In deze zaak heeft de Rechtbank Midden-Nederland op 28 juli 2022 uitspraak gedaan in een geschil tussen [eiser] en [eiseres] B.V. en de burgemeester van de gemeente Almere. De zaak betreft de sluiting van het notariskantoor van eisers, dat op 24 november 2020 door de burgemeester voor zes maanden was opgelegd. De burgemeester had deze maatregel genomen op basis van rapportages van de politie, waarin werd gesteld dat het kantoor criminele activiteiten faciliteerde, wat een gevaar voor de openbare orde zou opleveren. Eisers hebben bezwaar gemaakt tegen deze sluiting en voerden aan dat er geen sprake was van een verstoring van de openbare orde en dat de burgemeester onvoldoende had onderbouwd dat er een actuele dreiging bestond.
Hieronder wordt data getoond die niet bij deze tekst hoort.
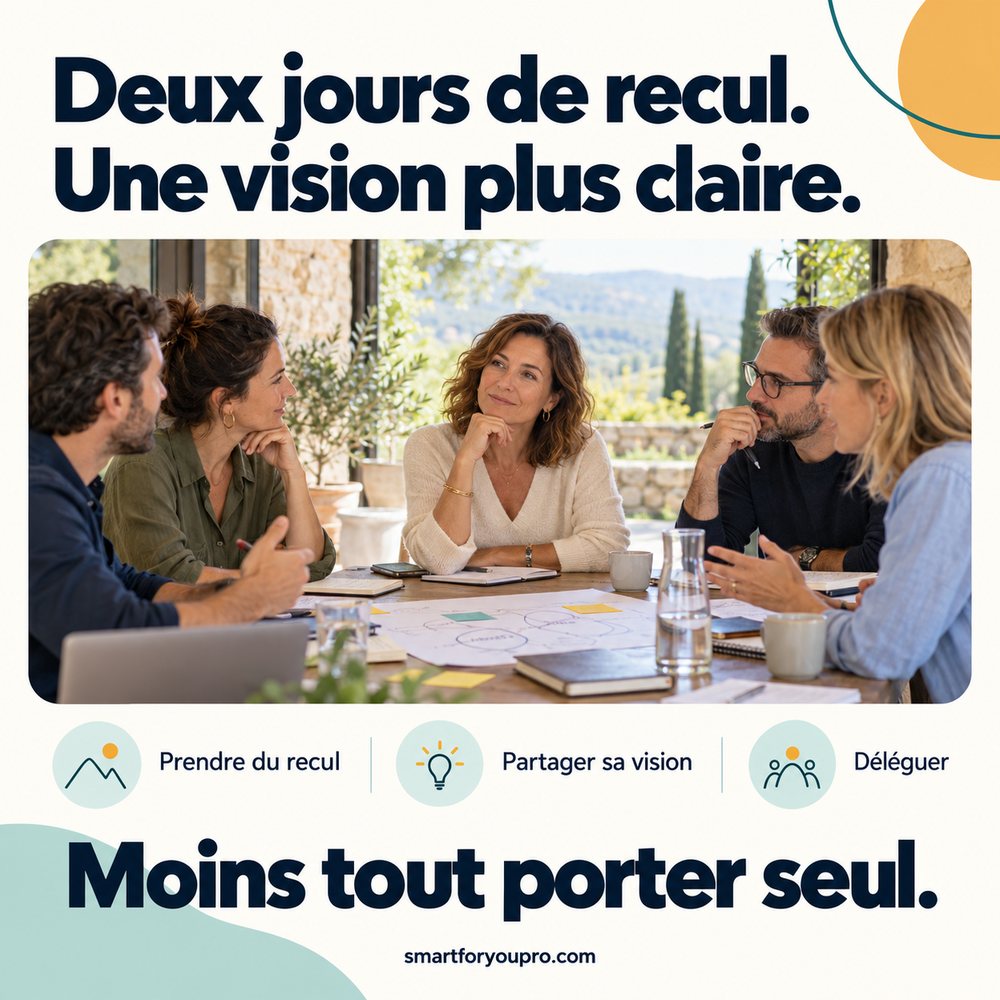 Visuel « Deux jours de recul. Une vision plus claire. » : une dirigeante à l'écoute de son équipe autour d'une table de travail. Prendre du recul, partager sa vision, déléguer : moins tout porter seul.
De rechtbank heeft vastgesteld dat eisers procesbelang hebben bij hun beroep, ondanks dat het kantoor nooit feitelijk gesloten is geweest. De rechtbank oordeelde dat de burgemeester niet aannemelijk had gemaakt dat er een gevaar voor de openbare orde was, vooral omdat [eiser] al was geschorst in zijn ambt als notaris op het moment van het besluit. De rechtbank concludeerde dat de sluiting van het kantoor een bestuurlijke maatregel was en geen strafrechtelijke sanctie, en dat de burgemeester niet had aangetoond dat er daadwerkelijk een verstoring van de openbare orde was.
Uiteindelijk verklaarde de rechtbank het beroep gegrond, vernietigde het bestreden besluit en herstelde het primaire besluit, waarbij de burgemeester werd veroordeeld tot het vergoeden van de proceskosten aan eisers. De rechtbank benadrukte dat de burgemeester niet kon terugkomen op de sluiting, omdat deze niet was onderbouwd met voldoende bewijs van een actuele dreiging voor de openbare orde.